● What to produce: Repeat the records. Leave nothing out.

● Exercise data:
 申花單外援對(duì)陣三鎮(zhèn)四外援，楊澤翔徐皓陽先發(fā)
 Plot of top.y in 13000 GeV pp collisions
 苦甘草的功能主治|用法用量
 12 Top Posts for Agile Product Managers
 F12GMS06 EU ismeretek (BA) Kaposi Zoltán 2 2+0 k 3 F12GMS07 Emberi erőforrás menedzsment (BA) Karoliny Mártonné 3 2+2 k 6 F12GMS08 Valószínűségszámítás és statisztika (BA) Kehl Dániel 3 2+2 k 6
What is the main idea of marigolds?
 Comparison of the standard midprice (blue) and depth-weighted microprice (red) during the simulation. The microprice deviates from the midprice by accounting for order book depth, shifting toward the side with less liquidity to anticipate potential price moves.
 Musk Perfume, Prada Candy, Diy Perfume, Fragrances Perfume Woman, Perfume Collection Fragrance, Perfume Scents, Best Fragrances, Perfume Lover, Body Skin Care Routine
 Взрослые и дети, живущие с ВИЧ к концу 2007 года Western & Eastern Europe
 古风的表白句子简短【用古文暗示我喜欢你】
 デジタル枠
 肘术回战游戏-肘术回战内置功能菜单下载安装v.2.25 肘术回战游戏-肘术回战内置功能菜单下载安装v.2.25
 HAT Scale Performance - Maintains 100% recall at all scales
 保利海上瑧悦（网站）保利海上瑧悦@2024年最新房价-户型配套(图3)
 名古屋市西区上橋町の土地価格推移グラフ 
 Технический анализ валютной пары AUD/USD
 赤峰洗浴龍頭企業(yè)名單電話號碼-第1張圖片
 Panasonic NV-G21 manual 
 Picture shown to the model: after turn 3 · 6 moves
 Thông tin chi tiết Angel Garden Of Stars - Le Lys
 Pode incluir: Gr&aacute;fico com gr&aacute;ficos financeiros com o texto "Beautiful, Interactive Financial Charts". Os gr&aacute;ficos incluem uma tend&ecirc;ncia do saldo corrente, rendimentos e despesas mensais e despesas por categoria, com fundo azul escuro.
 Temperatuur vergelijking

● Answer space:
 申花單外援對(duì)陣三鎮(zhèn)四外援，楊澤翔徐皓陽先發(fā)
 Plot of top.y in 13000 GeV pp collisions
 苦甘草的功能主治|用法用量
 12 Top Posts for Agile Product Managers
 F12GMS06 EU ismeretek (BA) Kaposi Zoltán 2 2+0 k 3 F12GMS07 Emberi erőforrás menedzsment (BA) Karoliny Mártonné 3 2+2 k 6 F12GMS08 Valószínűségszámítás és statisztika (BA) Kehl Dániel 3 2+2 k 6
What is the main idea of marigolds?
 Comparison of the standard midprice (blue) and depth-weighted microprice (red) during the simulation. The microprice deviates from the midprice by accounting for order book depth, shifting toward the side with less liquidity to anticipate potential price moves.
 Musk Perfume, Prada Candy, Diy Perfume, Fragrances Perfume Woman, Perfume Collection Fragrance, Perfume Scents, Best Fragrances, Perfume Lover, Body Skin Care Routine
 Взрослые и дети, живущие с ВИЧ к концу 2007 года Western & Eastern Europe
 古风的表白句子简短【用古文暗示我喜欢你】
 デジタル枠
 肘术回战游戏-肘术回战内置功能菜单下载安装v.2.25 肘术回战游戏-肘术回战内置功能菜单下载安装v.2.25
 HAT Scale Performance - Maintains 100% recall at all scales
 保利海上瑧悦（网站）保利海上瑧悦@2024年最新房价-户型配套(图3)
 名古屋市西区上橋町の土地価格推移グラフ 
 Технический анализ валютной пары AUD/USD
 赤峰洗浴龍頭企業(yè)名單電話號碼-第1張圖片
 Panasonic NV-G21 manual 
 Picture shown to the model: after turn 3 · 6 moves
 Thông tin chi tiết Angel Garden Of Stars - Le Lys
 Pode incluir: Gr&aacute;fico com gr&aacute;ficos financeiros com o texto "Beautiful, Interactive Financial Charts". Os gr&aacute;ficos incluem uma tend&ecirc;ncia do saldo corrente, rendimentos e despesas mensais e despesas por categoria, com fundo azul escuro.
 Temperatuur vergelijking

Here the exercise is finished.